What if we expand our gaze a bit further? Then we learn that an equal number of Mizrahi Jews – 750,000 – were ethnically cleansed from neighboring Arab lands. Almost every Arab state (falsely) accused its Jewish population of Zionism and forced them to leave. With few exceptions, the Arab world became Judenrein. This hardly justifies the ethnic cleansing of Palestinians, but singling out what happened to the Palestinian Arabs when the Arab world in toto destroyed its ancient Jewish communities is to hold the Jews to a double standard.

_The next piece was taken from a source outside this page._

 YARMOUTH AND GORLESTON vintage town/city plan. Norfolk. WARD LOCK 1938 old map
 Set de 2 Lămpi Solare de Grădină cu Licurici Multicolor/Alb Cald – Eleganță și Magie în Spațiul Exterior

Let’s expand our gaze even further. The term ethnic cleansing came into popular usage during the Balkan wars of the 1990s, after collective population transfers became illegitimate (and a war crime) in the eyes of the international community. This was not so in 1948. In fact, after World War II, violent collective population resettlement was practiced throughout the world. India-Pakistan is the most obvious example. 3.4 million people “went missing” in 1947 alone. Where’s the condemnation? Western Europeans (and the Soviets) did so as well. Nearly twenty million Europeans, including twelve million Germans and 5 million Poles, were expelled, resettled, or exchanged between states in 1944-1951, with no say in the matter. These numbers dwarf the expulsion of the Palestinians. To repeat, we have a double standard at play that presents the Jews as uniquely violent in the aftermath of World War II.
(4) Palestinians are indigenous to the land whereas Jews are not, hence Palestine should be free from the river to the sea, replacing the state called Israel.

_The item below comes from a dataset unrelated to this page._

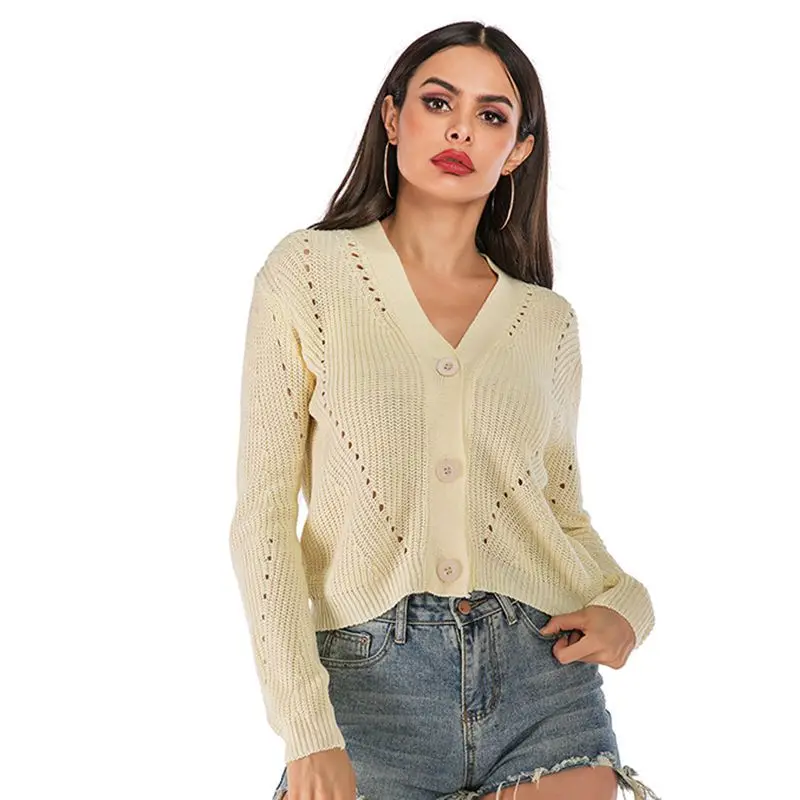 

V-neck Solid Color Cardigan Harajuku Style Women's Sweater Women's Outer Knit Sweater Womens Sweaters 2020 Winter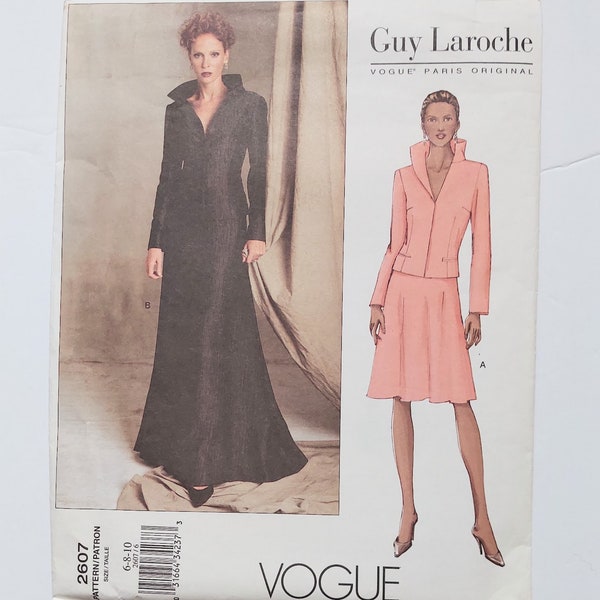 Vogue Guy Laroche Paris Original 2607 Jacket Skirt Size 6-10 Uncut 2001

What does indigenous mean?
If it means “we were here first” in a collective sense, then sorry, the Jews were there first and enjoyed sovereignty as a Jewish state (or as an autonomous province in a larger empire) thousands of years before Palestinians had an ethnic identity, let alone a state. And there has never been an ethnic Palestinian state.

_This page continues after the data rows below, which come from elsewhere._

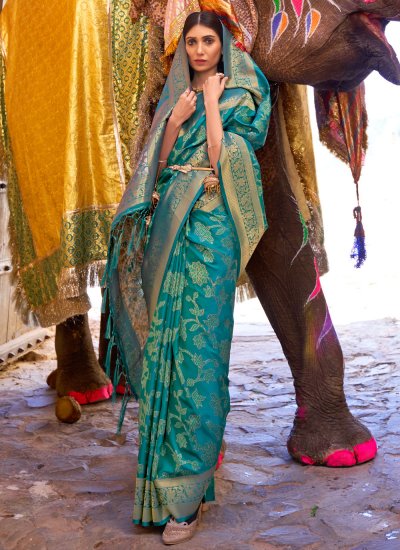 Silk Weaving Turquoise Designer Traditional Saree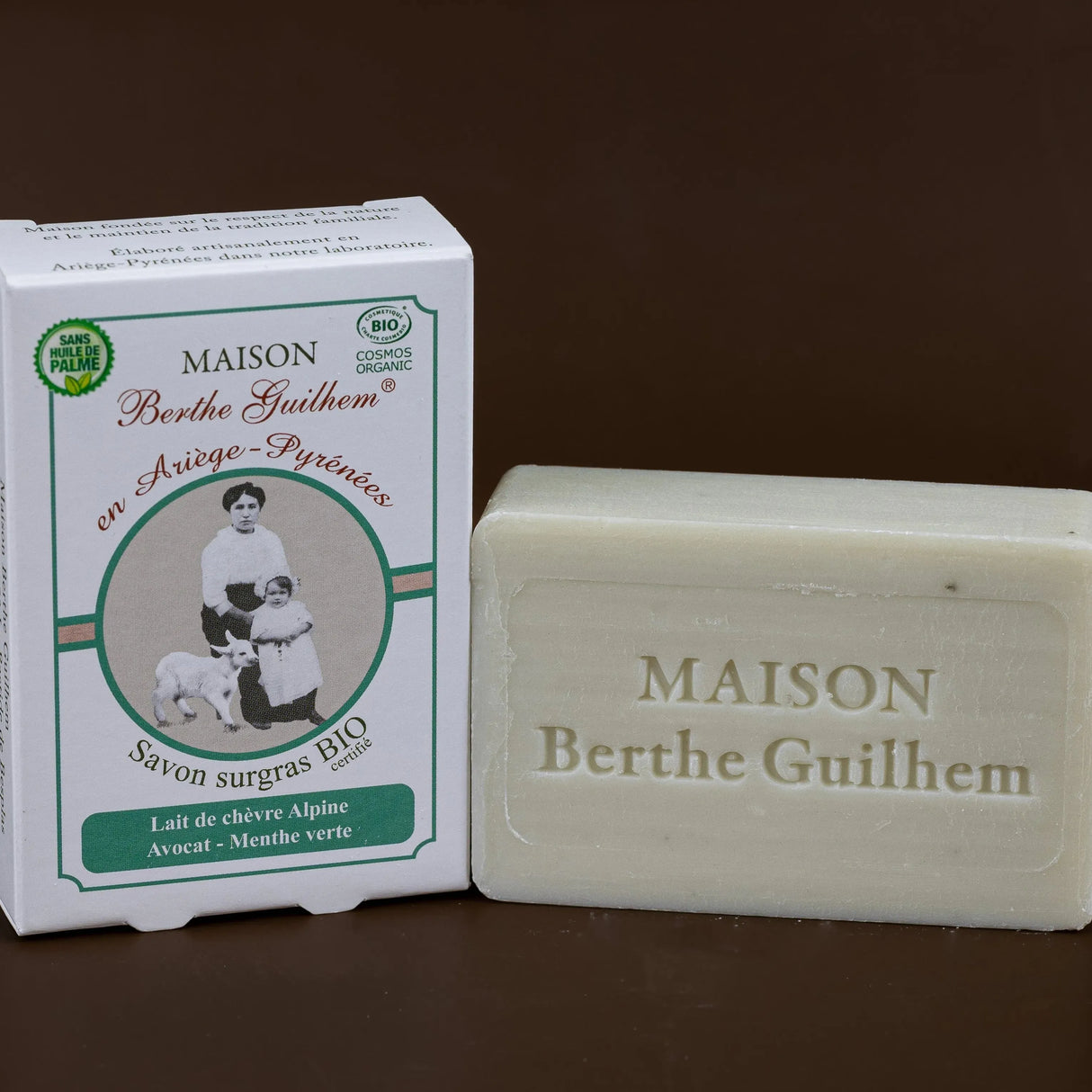 MAISON BERTHE GUILHEM Spearmint & Avocado Oils | Organic Alpine Goats Milk | 100g French Soaps UK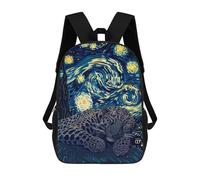 sinyumoney Leopard Sleeping Under Starry Night Sky 3D Printed Children's School Backpack for Kids High Capacity Travel Rucksacks Book Bags Kids School Bag Back Pack 17inch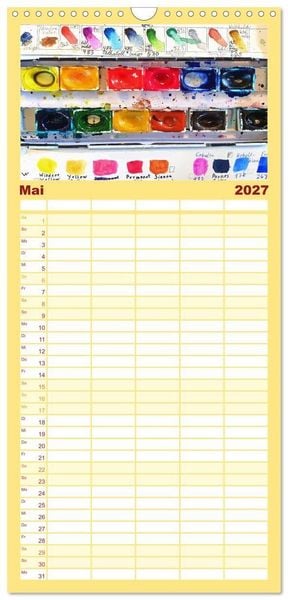 Produktbild: Familienplaner 2027 - Atelierimpressionen - Des K&uuml;nstlers Handwerkzeug im Portrait mit 5 Spalten (Wandkalender, 21 x 45 cm) CALVENDO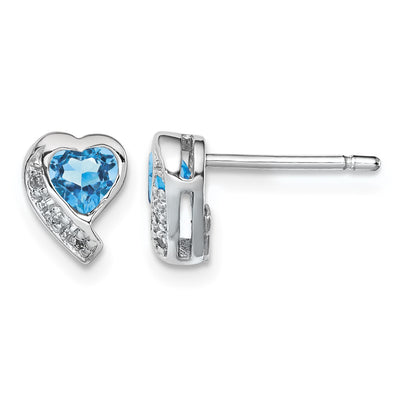 Sterling Silver Rhodium-plated Blue Topaz and Diamond Heart Earrings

If indigenous means “the site where your ethnic culture came into being,” then both the Jews and the Palestinians are indigenous.
But the left uses indigenous here to imply that European Jews had lost their indigeneity because of two thousand years away from Palestine. The Jews were now scattered and indigenous to the lands they inhabited. The early Zionists were thus Polish, Russian, and German. While Jews have always adopted aspects of their surrounding cultures, the core of their identity was formed in the Second Temple era in Judea, and they preserved it through the long night of exile. Try suggesting to a Native American that after five hundred years of European conquest and much forced assimilation they have lost their indigenous status. How would the intersectionalist left respond? There’s no expiry date on indigeneity.
The above analysis should make it clear that calling Israel a European imperial project is simply not true. It may seem true, because the anti-Zionist left takes a handful of facts out of their proper historical context.
Note: None of what I have written covers the Israeli-Palestinian conflict after 1948 or 1967. And it does not matter that I have not ventured into these waters. Why? Because the anti-Zionists see 1948 as the original sin. Vilifying Israel for the post-1967 “occupation” and construction of settlements in the West Bank does not change the fact that Israel’s founding was legitimate in every respect and according to international law. Condemning anything that has happened since 1967 does not serve the anti-Zionist agenda, which is to undo 1948 because it was a racist endeavor launched by white European imperialists.
If you find yourself arguing with a Woke intersectionalist who is centering Palestine in their “social justice campaign” because that’s what the cool kids are doing, this toolkit will help you prove them wrong. And who knows? Maybe some of them will listen.